Et il parle d’un futur très proche : « Que voulons-nous dire par le terme “école” en 2020 ? ». Pas du tout iconoclaste, l’Américain ne fait que résumer ce que bon nombre de hackers pensent : le système éducatif actuel devrait être rebooté, réinitialisé. Alors cela donnerait quoi si un hacker prenait les rênes du ministère de l’Éducation ? Outre des sites un peu plus sécurisés, il introduirait des principes pédagogiques à rebrousse-poils de ceux qui gouvernent le système actuel.
Les honneurs du ratage
« Le premier qui a dix réponses justes reçoit un bon point. » Quel jeune élève n’a jamais entendu ce genre de promesses ? Un fonctionnement qui fait frétiller les forts en thème, mais pas le Hollandais Jaap Vermaas. L’homme a monté FabLab Truck [nl/en], « la fabrication numérique sur roues », un camion qui va dans les écoles animer des ateliers :
Le système actuel récompense les couards qui ne font pas d’erreurs.
Les hackers exaltent l’erreur comme processus primordial de l’apprentissage. « Si l’école et l’éducation pouvaient tirer profit de la valeur de l’échec et l’utiliser comme outil pédagogique, elles seraient plus efficaces, poursuit James Carlson. Les gens seraient capables de célébrer et d’honorer les erreurs qu’ils font et d’apprendre de leurs erreurs ensemble. »

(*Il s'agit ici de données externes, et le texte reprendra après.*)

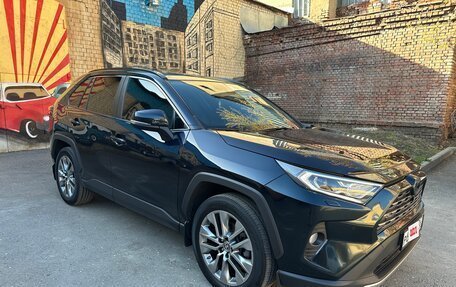 Toyota RAV4, 2020 год, 4 250 000 рублей, 13 фотография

La pratique contre la théorie
« Learning by doing », apprendre en faisant : exit les livres, place aux mains dans le cambouis : se salir les mains n’est pas moins noble que d’avaler des pages et des pages. « En Hollande, il y a une stricte séparation entre les enfants intelligents qui vont aller dans les filières intellectuelles et ne touchent pas les outils et les autres, qui apprendront à se servir des outils », déplore Jaap, un constat qui vaut aussi pour la France. Lui rêve de réconcilier les deux…

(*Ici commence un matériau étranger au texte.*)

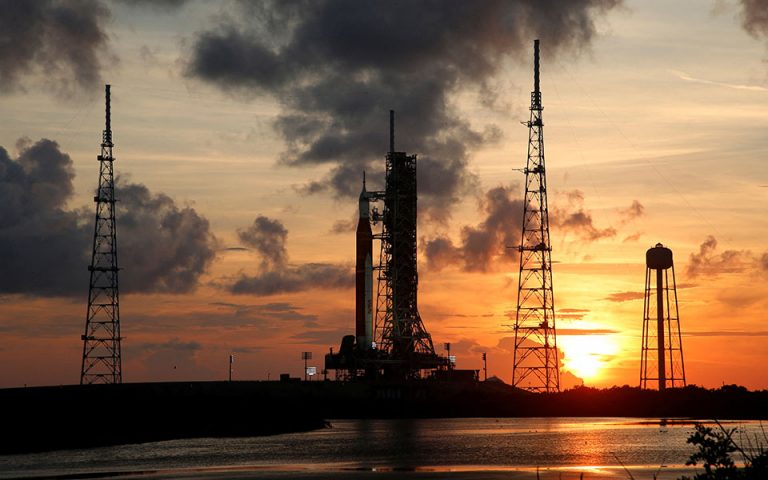 Οι ΗΠΑ επιστρέφουν στη Σελήνη – Έτοιμη για εκτόξευση η αποστολή Artemis 1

Une pratique qui décomplexe, comme le narre Emmanuelle Roux, chef d’entreprise qui enseigne à l’Université de Cergy et qui monte un FabLab au cœur de l’établissement pour la rentrée. Ses élèves sont en licence de développeur, c’est-à-dire qu’ils s’apprêtent à apprendre à coder. DeuxMakerBot (des imprimantes 3D) vont rejoindre la faculté, dont l’une sera mise à disposition de la promotion, quel que soit le cursus des élèves, communication, infographie, programmation. Le montage des machines, durant 5 jours, a été l’occasion d’observer une évolution réjouissante :
Le premier jour, ils nous ont regardés bizarrement, une élève est passée et nous a dit : “mon câble de console de jeu a été mangé par mon lapin, pourriez-vous me le réparer ?” ; le troisième jour, un élève s’est assis à côté de nous, il a attrapé des pinces et un fer à souder, et en a profité pour réparer un objet ; le quatrième jour, des élèves passaient pour voir où en étaient les premières impressions, et on n’a jamais autant discuté personnellement avec certains élèves auxquels on avait du mal à accéder, qu’à ce moment-là.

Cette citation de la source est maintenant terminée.